Retype the data that follows exactly. No pictures belong in the copy.

(Given material Opens)

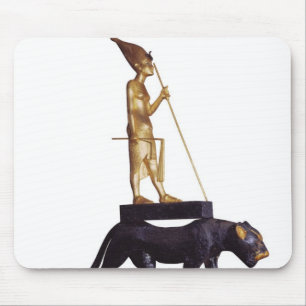 Statuette of the king upon a Leopard Mouse Pad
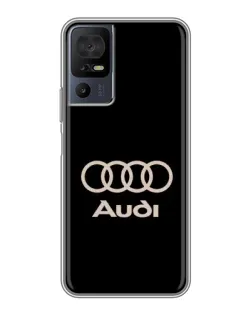 Чехол для TCL 40 SE с картинкой «Audi — золотой логотип»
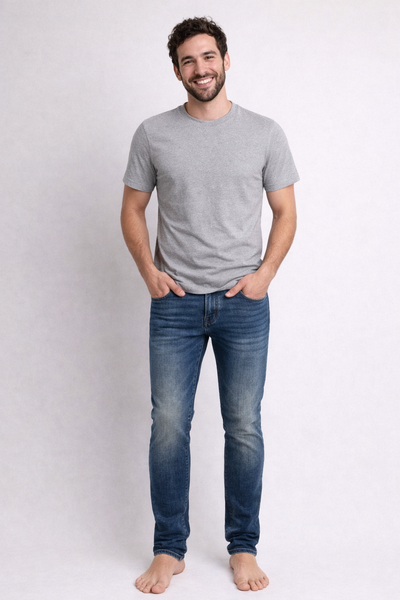 JEANS UOMO GAS CINQUE TASCHE SKINNY FIT ELASTICIZZATO BOTTONE CERNIERA ART. SAX 12MM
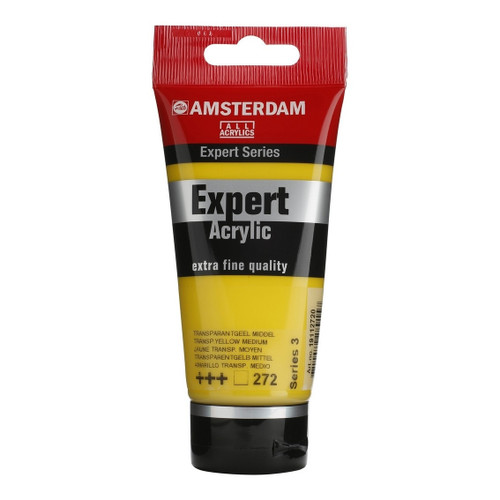 75ml - Amsterdam Expert Acrylic - Transparent yellow medium - Series 3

(Given material Closes)

[Answer section]:
 Statuette of the king upon a Leopard Mouse Pad
 Чехол для TCL 40 SE с картинкой «Audi — золотой логотип»
 JEANS UOMO GAS CINQUE TASCHE SKINNY FIT ELASTICIZZATO BOTTONE CERNIERA ART. SAX 12MM
 75ml - Amsterdam Expert Acrylic - Transparent yellow medium - Series 3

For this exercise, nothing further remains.